FIG. 1 is a schematic diagram showing an overall configuration of a mobile immersion type membrane separation sewage treatment apparatus according to an embodiment of the present invention.

FIG. 2 is a sectional view of the membrane separation device.

FIG. 3 is a sectional view taken on line AA of FIG. 2;

FIG. 4 is a perspective view of the membrane separation device.

FIG. 5 is a schematic diagram showing an overall configuration of a mobile immersion type membrane separation sewage treatment apparatus according to another embodiment of the present invention.
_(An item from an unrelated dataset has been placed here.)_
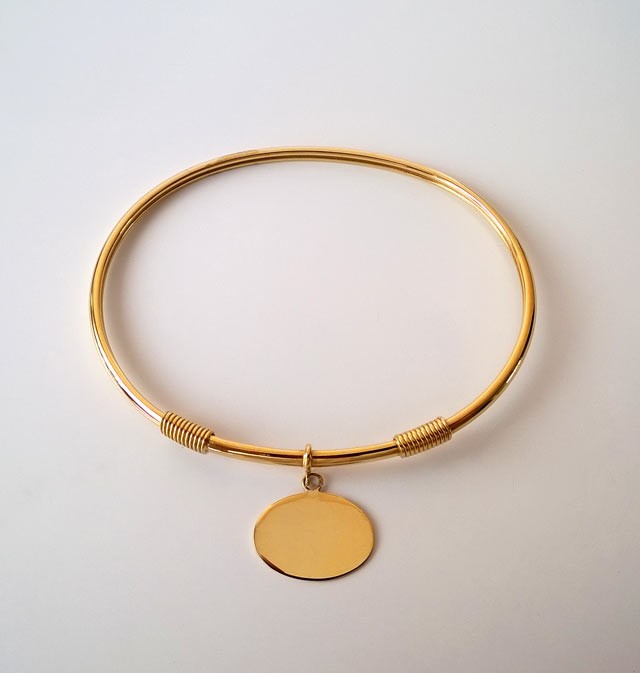 Bracelet jonc plaque ovale or jaune 750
FIG. 6 is a schematic diagram showing the entire configuration of a conventional sewage treatment apparatus.

[Explanation of symbols]

 Reference Signs List 1 mobile immersion type membrane separation sewage treatment apparatus 2 tank body 3 partition wall 4 reaction area 5 discharge area 6 water to be treated 7 membrane separation apparatus 8 casing 9 membrane cartridge 10 guide groove 11 air diffuser 12 permeate extraction system 13 tube 14 Liquid collection header 15 Outlet pipe 16 Drain pipe 17 Submersible blower

 ──────────────────────────────────────────────────続 き Continuing on the front page (72) Inventor Yutaka Yamada 2-47, Shizitsuhigashi 1-chome, Naniwa-ku, Osaka-shi, Osaka (72) Inventor Kazuhiko Kariya 4--11 Minamisenba, Chuo-ku, Osaka-shi, Osaka −20 Inside Kubota Environmental Service Co., Ltd. (72) Inventor Susumu Kawakami 4-11-20 Minamisenba, Chuo-ku, Osaka City, Osaka Inside Kubota Environmental Service Co., Ltd.

Claims (3)

[Claims] 1. A reaction area and a discharge area are defined inside a tank body having a unit type capable of being conveyed with a partition wall therebetween, and a casing is integrated with the tank body in a reaction area into which water to be treated flows. A membrane separation device is immersed, a plurality of flat membrane type membrane cartridges are arranged in the casing in parallel in the vertical direction, and a permeated liquid discharge system is provided in which the proximal end communicates with the membrane cartridge and the distal end communicates with the discharge area. A mobile immersion type membrane separation sewage treatment apparatus, wherein an air diffuser is disposed below a membrane cartridge in the membrane separator, and an underwater blower for supplying aeration air to the air diffuser is immersed in a tank. 2. A first reaction area into which water to be treated flows is formed by partitioning a first reaction area, a second reaction area, and a discharge area with a partition wall therebetween in a tank having a unit type capable of being transported. A communication path is provided between the first reaction region and the second reaction region, and a submersible pump that supplies the tank solution to the other reaction region is immersed in one of the first reaction region and the second reaction region. (2) A membrane separation device in which a casing is integrated with a tank body is immersed in the reaction area, and a plurality of flat membrane type membrane cartridges are arranged in the casing in parallel in the vertical direction. A permeated liquid outlet system that communicates with the discharge area on the side is provided.A diffuser is arranged below the membrane cartridge in the membrane separator, and an underwater blower that supplies aerated air to the diffuser is immersed in the tank. Mobile immersion type membrane separation sewage Processing equipment. 3. The mobile immersion type membrane separation sewage treatment apparatus according to claim 1, wherein the membrane permeated liquid flow path forms a siphon pipe which is opened below the water surface in the discharge area on the distal end side.